As far as Northern Ireland is concerned this is a general election about as few as four seats with two of these in Belfast. In reality most of the other constituencies are pretty settled but one cannot rule out a surprise.
The battle for South Belfast and North Belfast will be dog fights. We are already hearing a lot of angry growling. These seats will come down to the mother and father of all contests between nationalists and the DUP.
Most of the other seats across Northern Ireland are less contentious, with Lagan Valley, Upper Bann, Strangford, East Antrim, East Belfast, West Belfast, South Antrim, Newry Armagh, South Down and West Tyrone very predictable in terms of the outcome. North Down is more confusing now with the decision of Sylvia Hermon not to put herself forward as a candidate in the election.
Foyle could be interesting with Colum Eastwood of the SDLP desperate to replace Sinn Féin’s Elisha McCallion in that constituency.
Similarly Fermanagh South Tyrone could be tight.
One can argue until the cows come home as to what is central to this election in Northern Ireland – Brexit or the constitutional status of Northern Ireland. Regardless, we are now facing into a vexatious toxic cocktail of verbal ugliness over the next five weeks.
The behaviour of the SDLP and Sinn Féin is what makes this general election most interesting.
The SDLP took two odd decisions in their recent history. The party pulled out of the Executive accusing Sinn Féin and the DUP of withholding papers and carving up the spoils in their respective interests. Interestingly that seismic shift had not been run by former SDLP deputy First Minister Seamus Mallon despite his vast political experience. He was very unhappy with the decision to quit the Executive. The thinking behind opting out of the Executive didn’t stand up to scrutiny and still doesn’t. The move by the SDLP smacked of petulance, showed signs of weakness and a lack of self confidence. If the SDLP adjudged the two big parties to be acting ultra vires why did the leadership not challenge this in the courts instead of walking away leaving the chicken coop to two foxes! Odd move number one.
Under Colum Eastwood’s stewardship the SDLP then entered a botched partnership with Fianna Fáil. Can anyone demonstrate what the SDLP has gained from that link up? To what does that partnership amount? Why did the SDLP feel compelled to break with what had been a decades old practice of having open relationships with all political parties in the Republic of Ireland?
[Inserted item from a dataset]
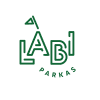 Labi Parkas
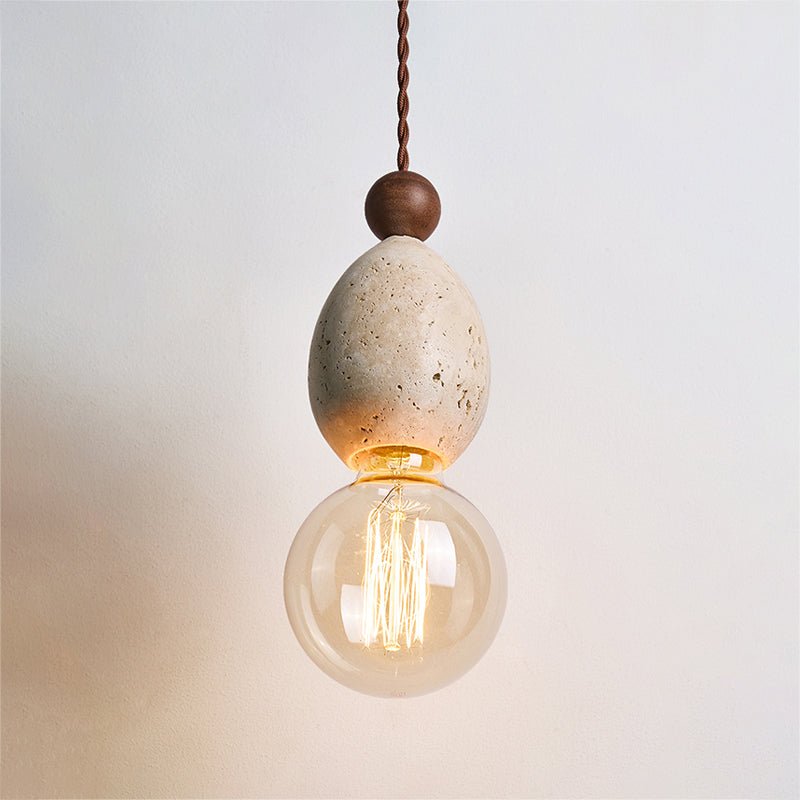 eryndor-pendant-lamp-anzaz--4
The SDLP had a unique identity. What decided for the leadership to bolt itself onto another party?
If this development was designed to counter Sinn Féin’s claim of being the only ‘all Ireland’ party that exposes a further insecurity.
From Mícheál Martin’s point of view as leader of the Fianna Fáil party one wonders what he thinks today of that partnership? Mr Martin and Fianna Fáil have exhausted the Oxford dictionary seeking out pejorative adjectives to damn Sinn Féin from on high at every turn in recent years raking up the sins of republicans past and present while targeting Mary Lou McDonald and Gerry Adams before her. He views Sinn Féin as an enemy blocking his road to power in replacing the current government and now the SDLP have decided to have a fling with Sinn Féin in North Belfast.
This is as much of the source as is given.